Dataset records:
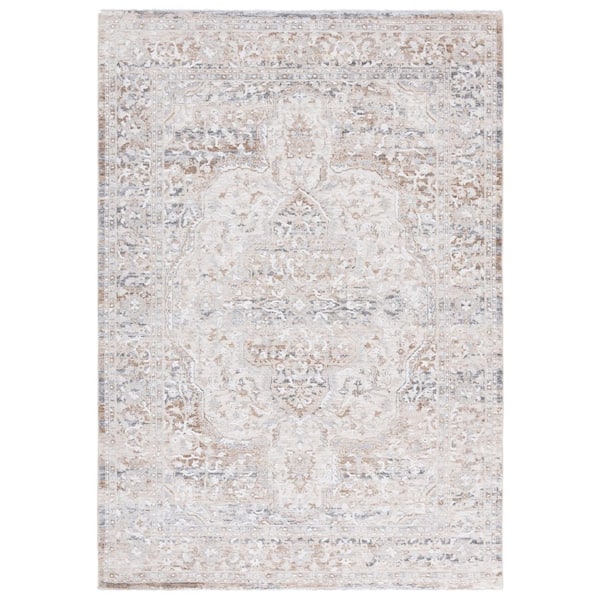 Finley 8 ft. x 10 ft. Beige/Gray Distressed Ornate Area Rug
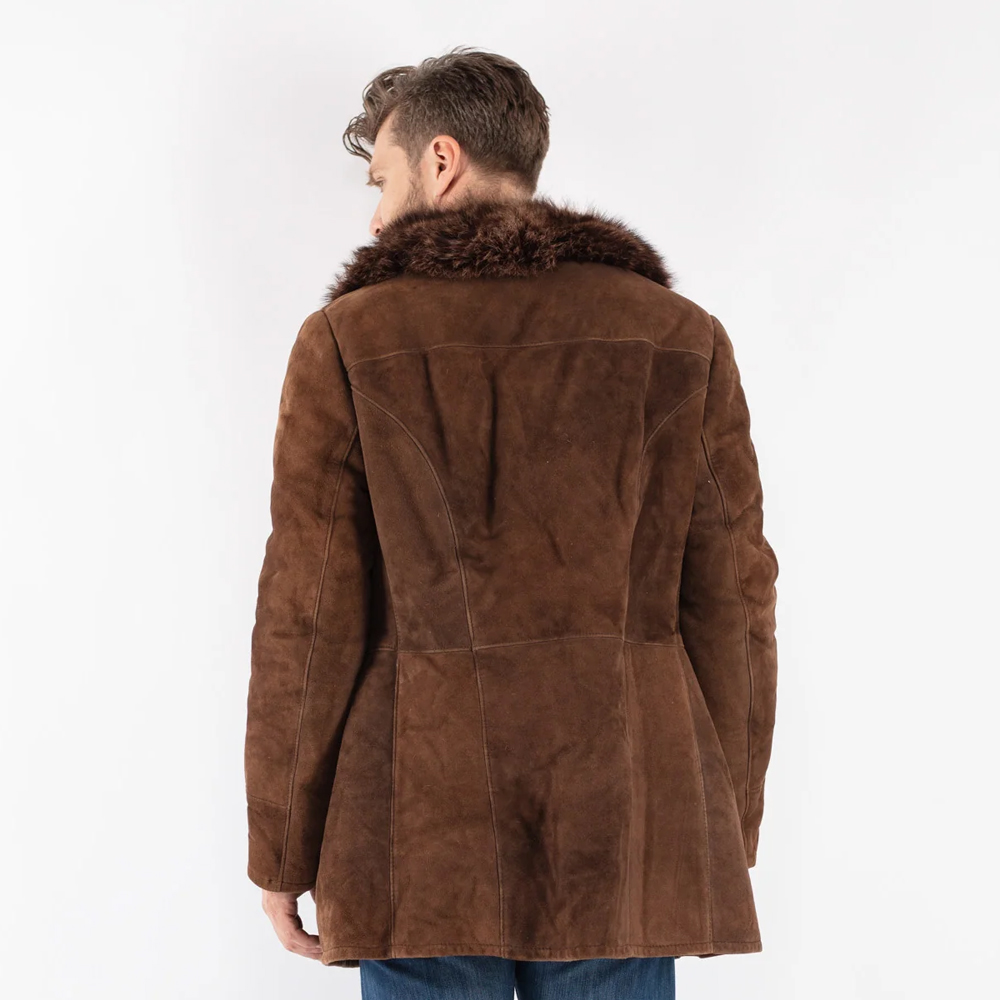 Men Sheepskin Shearling Coat in Brown - Image 2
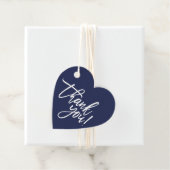 Étiquettes Cadeau MERCI moderne calligraphie blanche marine bleu (En situation)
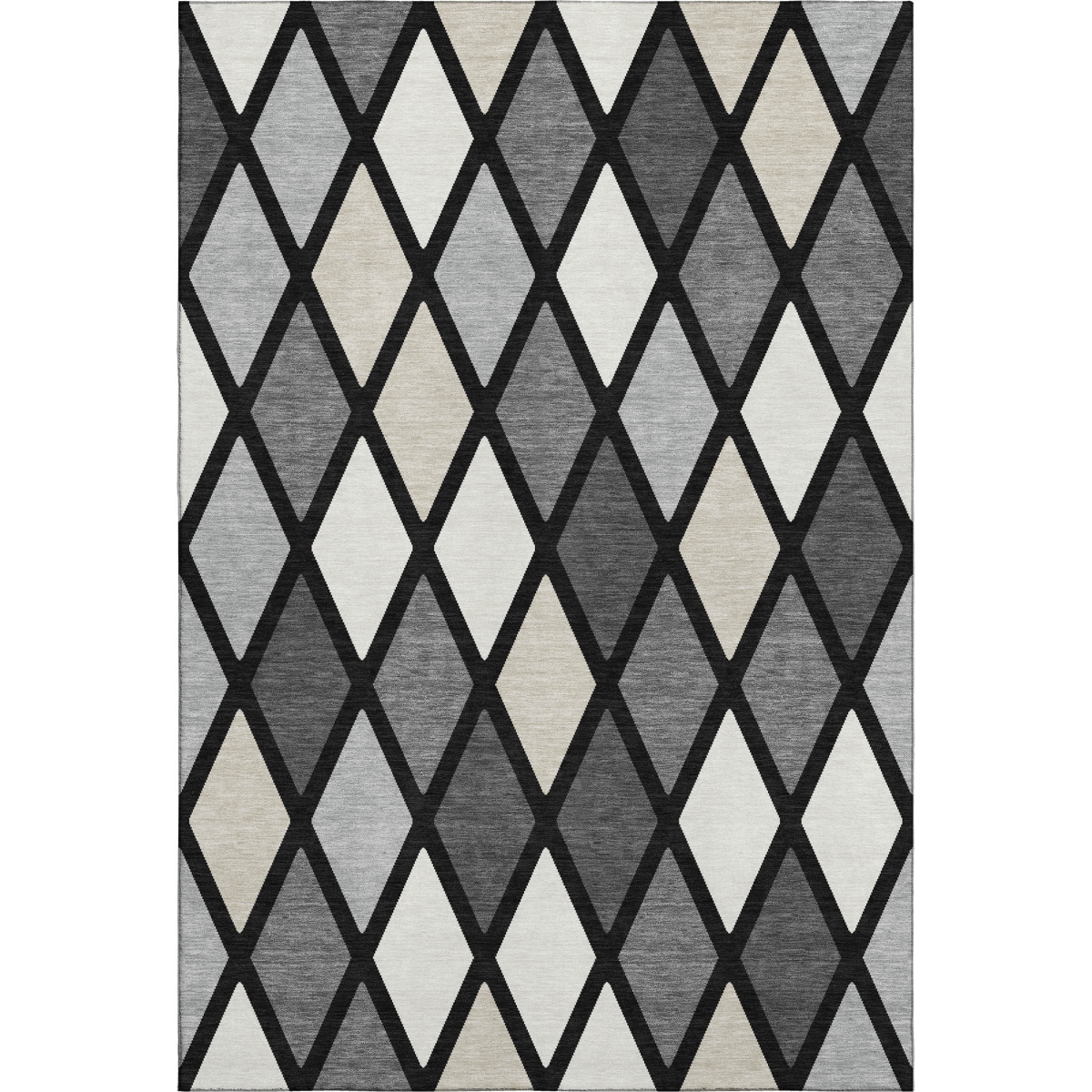 670458 9 x 12 ft. Black Ivory & Gray Geometric Transitional Washable Machine Made Rectangle Area Rug with UV Protection
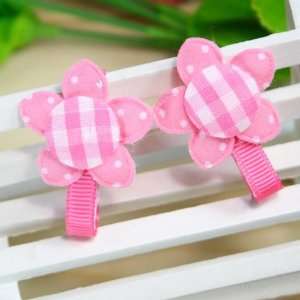 : (Pink) 1 Pair Baby/Todler/Girl sunflower Shaped Cloth Texture hair 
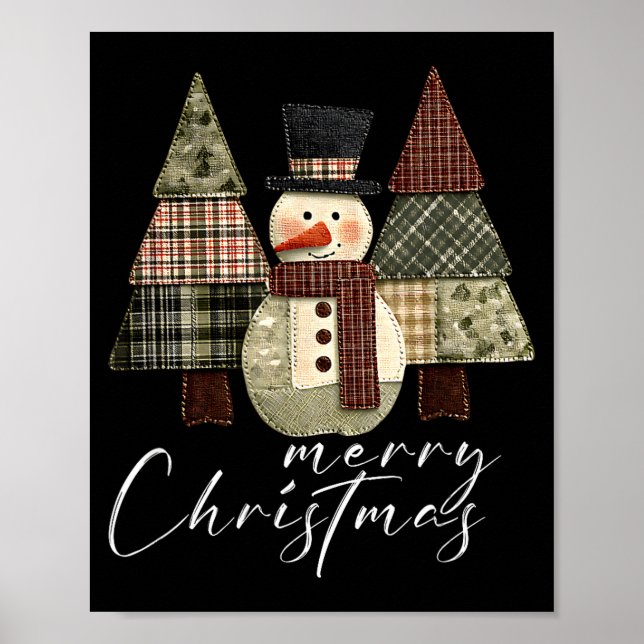 Patchwork Snowman,patchwork Christmas Tree Funny G Poster (Vorne)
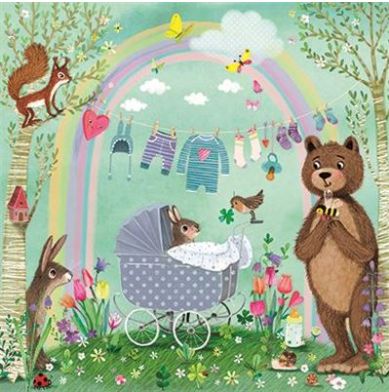 Carte de naissance landau sous le fil à linge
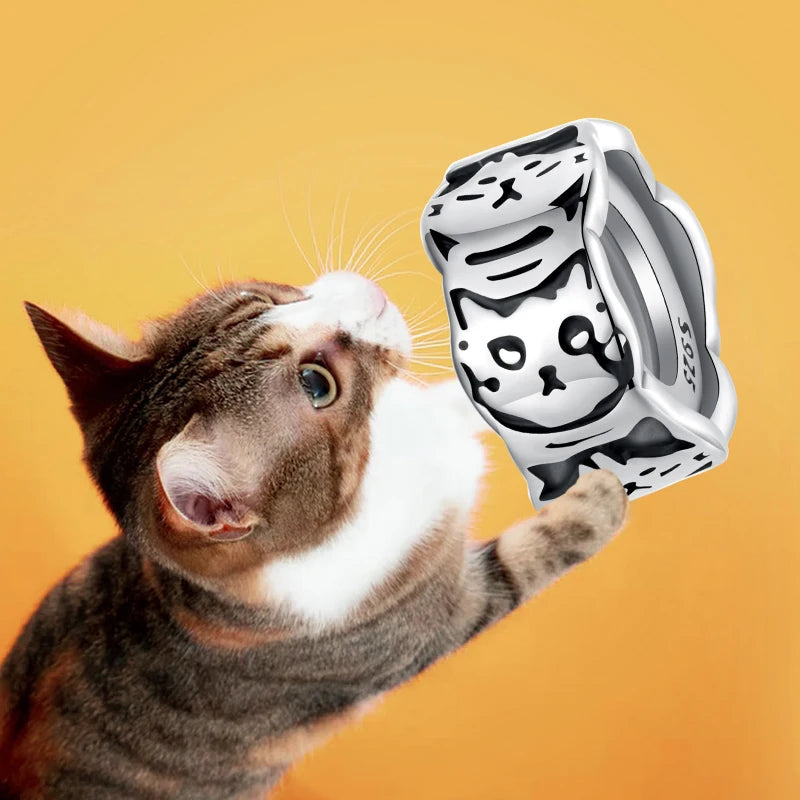 WOSTU 925 Sterling Silver Pet Paw Print Silicone Beads Lovely Cat Spacer Bead Fit Original Bracelet Gift For Pet Lover Family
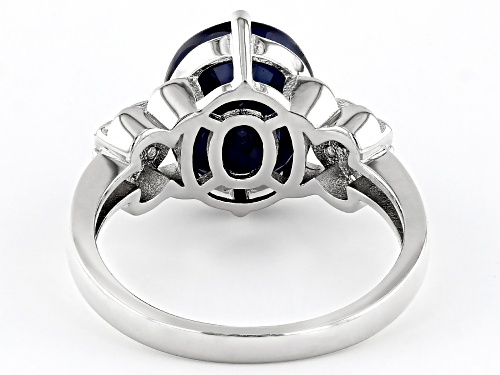 3.50ct Oval Blue Sapphire With 0.07ctw Round White Zircon Rhodium Over Sterling Silver Ring - Size 10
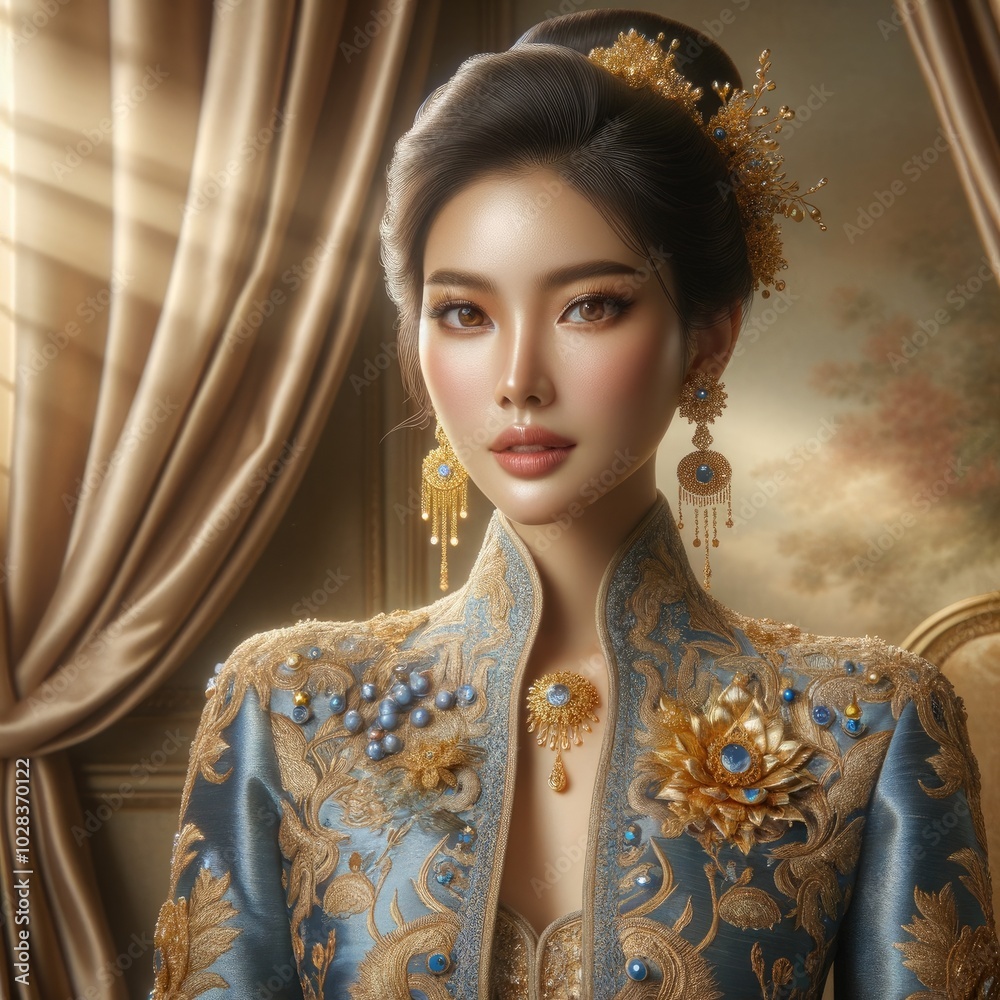 Elegant Portrait of a Woman in Traditional Southeast Asian Attire: A Hyper-Realistic Digital Art Depiction with Intricate Golden Embroidery, Luxurious Silk Textures, and Ornate Jewelry in a Regal Sett Elegant Portrait of a Woman in Traditional Southeast Asian Attire: A Hyper-Realistic Digital Art Depiction with Intricate Golden Embroidery, Luxurious Silk Textures, and Ornate Jewelry in a Regal Sett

WORK TASK
Please retype the records above exactly, excluding every picture.

WRITTEN RESPONSE
 Finley 8 ft. x 10 ft. Beige/Gray Distressed Ornate Area Rug
 Men Sheepskin Shearling Coat in Brown - Image 2
 Étiquettes Cadeau MERCI moderne calligraphie blanche marine bleu (En situation)
 670458 9 x 12 ft. Black Ivory & Gray Geometric Transitional Washable Machine Made Rectangle Area Rug with UV Protection
 : (Pink) 1 Pair Baby/Todler/Girl sunflower Shaped Cloth Texture hair 
 Patchwork Snowman,patchwork Christmas Tree Funny G Poster (Vorne)
 Carte de naissance landau sous le fil à linge
 WOSTU 925 Sterling Silver Pet Paw Print Silicone Beads Lovely Cat Spacer Bead Fit Original Bracelet Gift For Pet Lover Family
 3.50ct Oval Blue Sapphire With 0.07ctw Round White Zircon Rhodium Over Sterling Silver Ring - Size 10
 Elegant Portrait of a Woman in Traditional Southeast Asian Attire: A Hyper-Realistic Digital Art Depiction with Intricate Golden Embroidery, Luxurious Silk Textures, and Ornate Jewelry in a Regal Sett Elegant Portrait of a Woman in Traditional Southeast Asian Attire: A Hyper-Realistic Digital Art Depiction with Intricate Golden Embroidery, Luxurious Silk Textures, and Ornate Jewelry in a Regal Sett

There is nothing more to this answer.